Еще вчера я любовался Михайловой знаменитой сучкой Дамкой. Маленькая, вся черная, она ни минуты не была спокойна — все время быстро бегала, что-то вынюхивала, к чему-то прислушивалась. Другой его пес по кличке Черный — крупный, медлительный, каким-то особенно тяжелым скоком бежал впереди нас по руслу. В одном месте мы встретили чужую ночуйку. Сразу было видно, что это не эвенкийская, а русская ночуйка. Здесь не было остова юрты, был только заслон из еловых лап между двумя деревьями, небольшой лабазок, рядом свалено дерево для перехода на ту сторону Шоны. Мы прошли километров шесть по озеру и три по реке и решили выбирать место для ночуйки — по закону, чтобы были дрова и вода. Остановились на правом берегу и в ожидании тетки Арины, которая должна была привести оленей, стали готовить большую юрту — одну на всех — и дрова. Работа закипела. Свалили на лед две сухие лиственницы с берега, нарубили два десятка березок и елей на жерди — Кеша связывает три жерди жгутом и ставит остов юрты, на него уже кладется все остальное. Очень много потребовалось елей на «хвою» для подстилки. Продолблен лед, все готово, тут и олени пришли, с ними тетка Арина и Петр. Навесили на юрту брезенты — жилье получилось хоть куда!

Я с радостью в тот день шел из стойбища, радовался, что еще хотя бы два-три дня поживу кочевой жизнью — она не надоела мне, а была по душе. И правда, ночевать в юрте лучше, чем в чужой избе. Уютно от костра — костер всегда создает особый, знакомый только «лесным людям» уют, который не променяешь на «высотные хоромы», ванну, электричество и газ.

Опять кругом знакомые собаки — величавый Буська, сварливый Соболька и другие, только нет моего Соболя — оставил отъедаться в Нюруткане, да маленькая черная Дамка и большой тяжелый пес Черный с бульдожьей мордой.

Интересно, что все хорошие собаки привередливы на еду — и Михайлова Дамка — тоже.

— Она, паря, шибко принципиальная, — говорит Михаил.

Опухший Кеша жаловался на сердце, а когда ему «намекивали», мол, пить надо меньше, говорил, что раньше никогда не бывало.

Утром мы с Михаилом отправились вниз по Шоне.

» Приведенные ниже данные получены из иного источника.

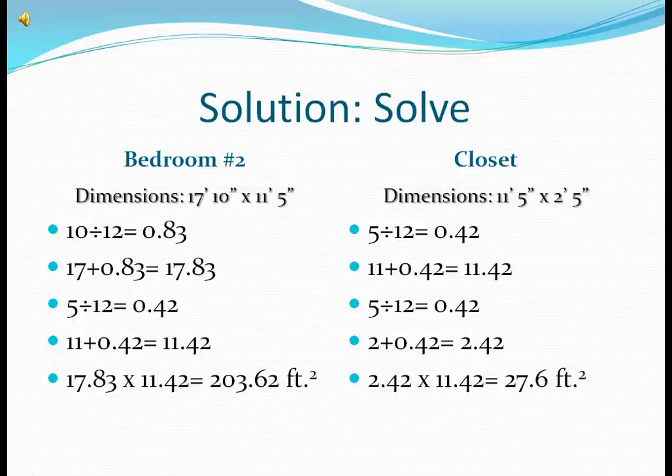Bedroom number 2. Dimensions 17 feet 10 inches by 11 feet 5 inches. The total square footage of bedroom number 2 is 203.62 feet squared. The closet dimensions are 11 feet 5 inches by 2 feet 5 inches. The total square footage is 27.6 feet squared.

Снега не было уже дня три, была многоследица. По реке зайцы пробили тропы, такие крепкие, что по ним легко было идти. Как и на озере, часто встречались здесь следы соболей. Шли руслом реки, начали встречаться продухи, «пропарины». Пройдя километра три, свернули с русла, прошли немного калтусом и начали подниматься на хребет. Здесь не было кедрачей, а по листвягу прошел один пожар лет тридцать назад, второй — недавно, года три. Было много дятлов, часто встречались пихты с обитой ими корой. Попалась одна, на которой кора не была обита одним куском, а разодрана клочьями. Михаил, показывая на эту пихту, сказал, что медведи оставляют на пихтах такие метки.

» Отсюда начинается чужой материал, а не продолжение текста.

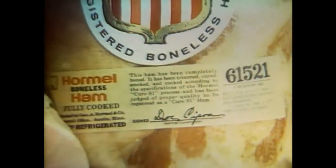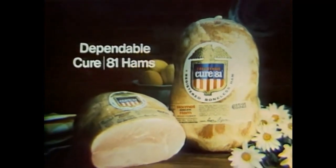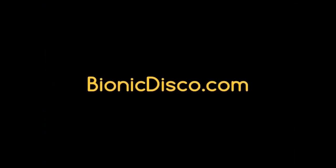Each Cure 81 earns its registration number by passing 17 Hormel inspections. You earn the praise each time you serve it. Dependable Cure 81 hams.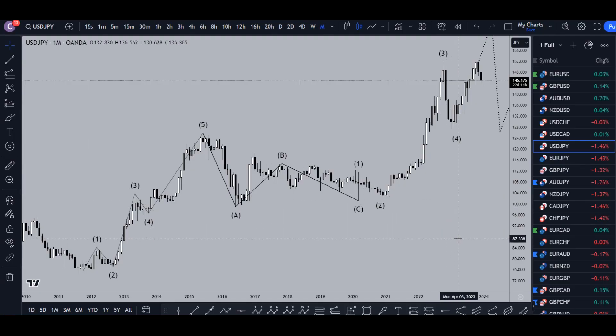Hello Traders! F.S. Pickle Etta here. Today is Thursday, December 7th, and I'm going to be analyzing the U.S. dollar yen, starting on the monthly and working my way down to the one-hour time frame.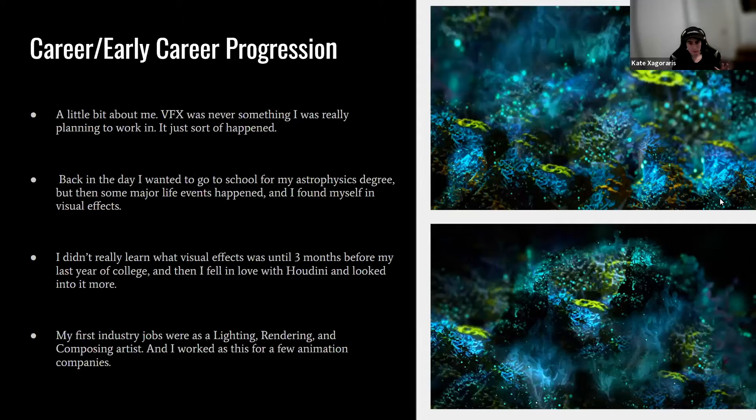VFX was never something I was really planning to work in. Back in the day, I wanted to go to school for astrophysics, work for the Canadian Space Agency, and was really interested in the universe as a whole. But major life events happened — I questioned whether astrophysics was truly my dream or someone else's dream for me. By the end, I decided animation was something I had to look into. I didn't really learn much about visual effects until three months before my last year of college, and then I fell in love with Houdini.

Вскоре послышался лай Дамки. Лаяла она где-то далеко. Михаил сказал, что так она лает на соболя, и мы пустились к ней. Я не чувствовал под собою ног. Большая стайка рябчиков поднялась передо мною, некоторые расселись на ветвях совсем близко, но я, не обращая на них внимания, спешил на лай. Михаил все же поспел раньше меня. Пришлось разочароваться — собаки лаяли белку. Зайдя с двух сторон, мы в несколько выстрелов справились с нею.

Начали встречаться соболиные следы, но все они были старые. Наконец, попался ночной. Михаил начал разбираться в следах, ему пришел помогать Черный, но не смог правильно взять след и бросил. Ну, а где же Дамка?

Нет Дамки! Пошли искать ее след и наткнулись на рябчиков. Михаил стукнул одного.

Когда нашли Дамкин след, оказалось, что она идет за соболем.

— Ну, теперь можно особенно не спешить, — сказал Михаил, закуривая, — не скоро она его загонит.

И мы пошли по следу, а Черный убежал по ее следу уже давно. Мы шли кедрачом, потом он кончился и начался сосняк, вдали виднелся хребет, по направлению к которому мы и шли. Я был уверен, что нам придется идти до этого хребта, но оказалось иначе.

Мы прошли около часа, как вдруг Михаил обратил внимание на то, что Черный сошел со следа Дамки и пошел большими прыжками. Мы пошли за ним — видимо, он услышал лай Дамки. Пройдя немного, остановились и прислушались. Не слухом, а каким-то особенным осязанием, возникающим при тщательном напряжении слуха, удалось уловить лай собаки. Через 100—200 метров он уже был слышен отчетливо.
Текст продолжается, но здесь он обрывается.